[Captioned web images]
---

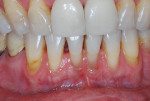 Fig 1. Mucogingival defect on tooth No. 24 at initial examination.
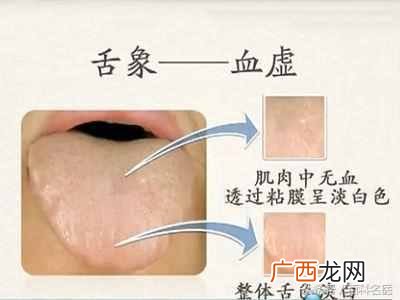 湿气重怎么办，湿气重怎么调理！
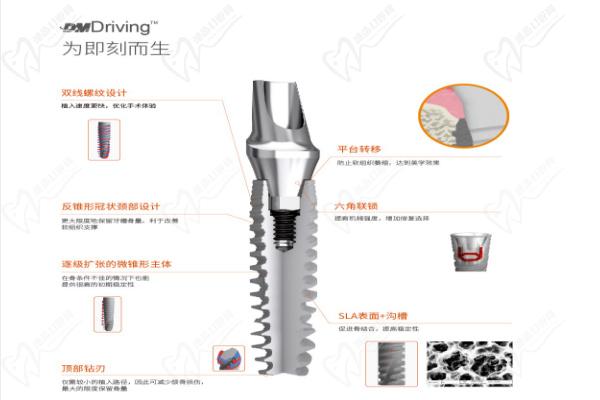 百齿泰DMDriving种植体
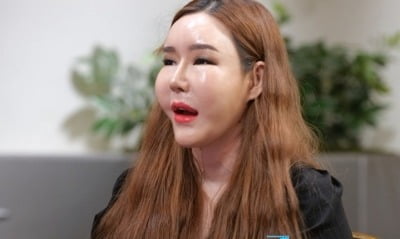 성형에만 1억 4000만원 쏟았는데…서장훈 "이미 수술 많이 해, 더 가면 망쳐" 일침 ('물어보살')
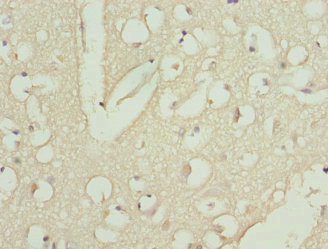 Immunohistochemistry of paraffin-embedded human brain tissue using CSB-PA812863ESR1HU at dilution of 1:100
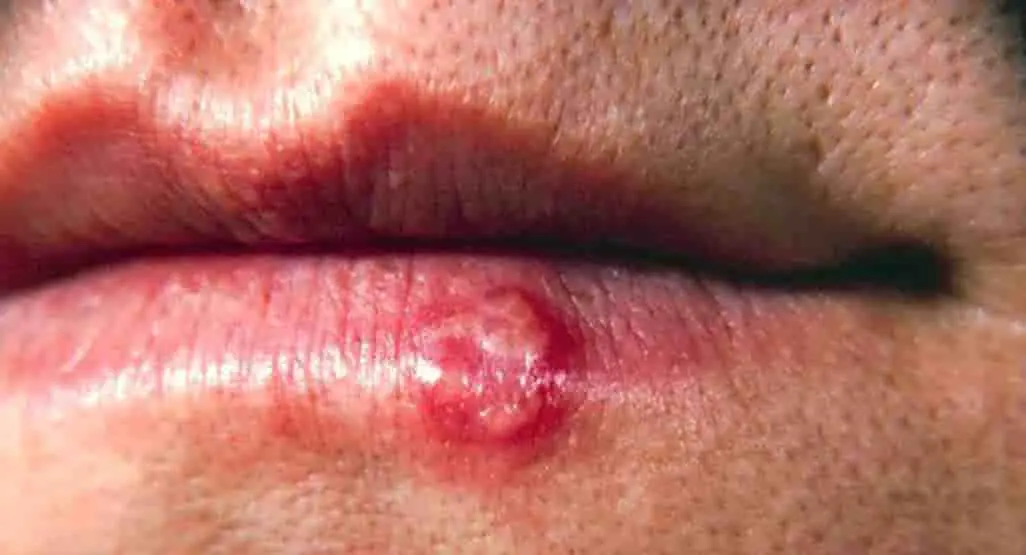 أسباب ظهور لطمة الحمى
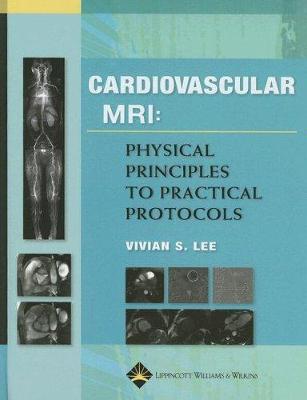 Cardiovascular MRI: Physical Principles to Practical Protocols - Lee, Vivian S, MD, PhD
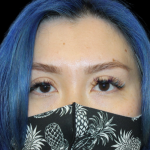Blepharoplasty Before & After Patient #2478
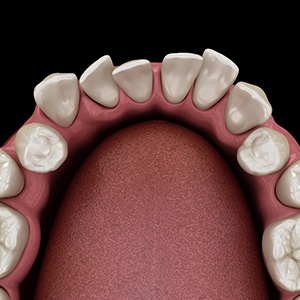 Illustration of gapped teeth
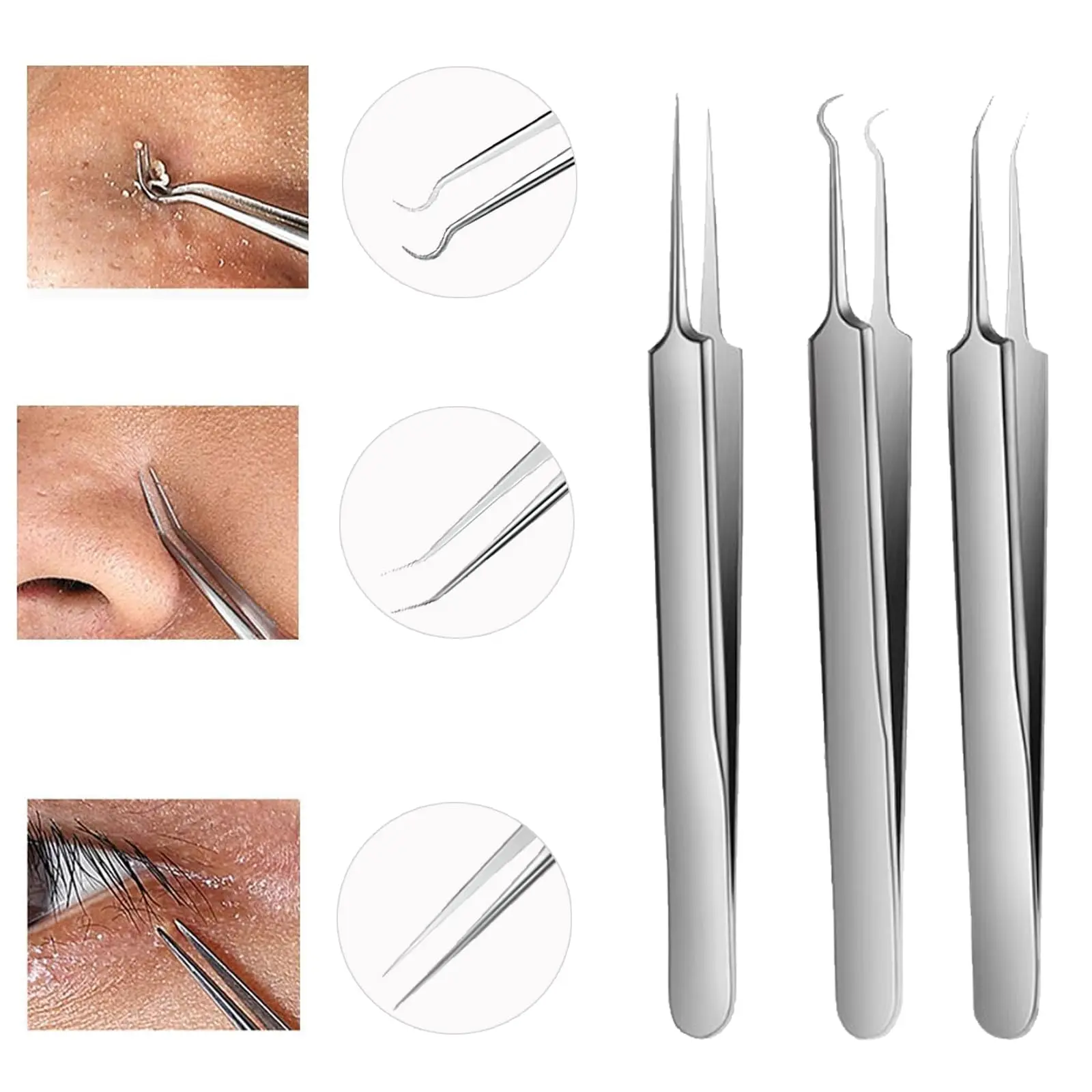 Professional Blackhead Tweezers,High Hard Stainless Steel Blackhead Remover Tweezers, Precision Pimple Popper Tool Kit, Blackhea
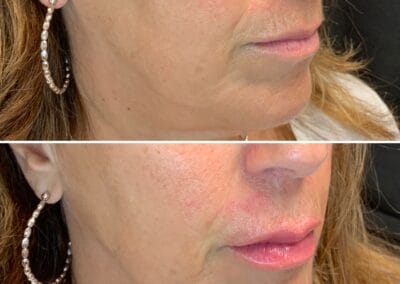 Before & after Image of face in Northborough, MA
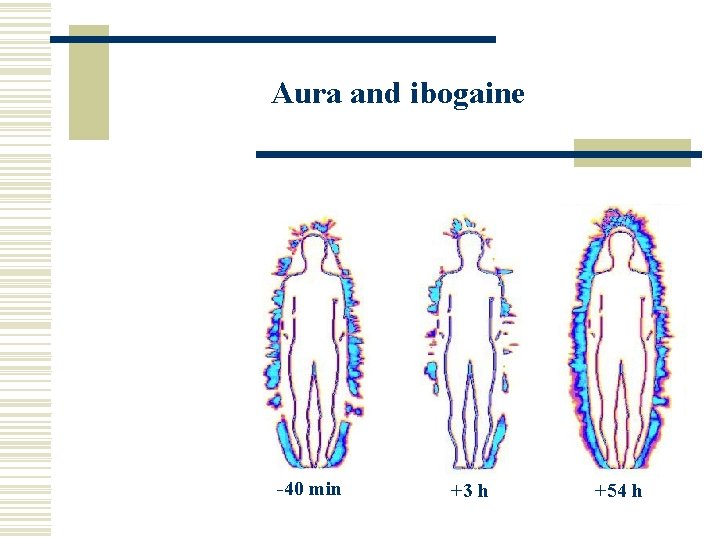 Aura and ibogaine -40 min +3 h +54 h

---

TO DO — Retype each line of the records exactly as it reads; no pictures belong in the copy.

ANSWER TO THE PROBLEM —
 Fig 1. Mucogingival defect on tooth No. 24 at initial examination.
 湿气重怎么办，湿气重怎么调理！
 百齿泰DMDriving种植体
 성형에만 1억 4000만원 쏟았는데…서장훈 "이미 수술 많이 해, 더 가면 망쳐" 일침 ('물어보살')
 Immunohistochemistry of paraffin-embedded human brain tissue using CSB-PA812863ESR1HU at dilution of 1:100
 أسباب ظهور لطمة الحمى
 Cardiovascular MRI: Physical Principles to Practical Protocols - Lee, Vivian S, MD, PhD
Blepharoplasty Before & After Patient #2478
 Illustration of gapped teeth
 Professional Blackhead Tweezers,High Hard Stainless Steel Blackhead Remover Tweezers, Precision Pimple Popper Tool Kit, Blackhea
 Before & after Image of face in Northborough, MA
 Aura and ibogaine -40 min +3 h +54 h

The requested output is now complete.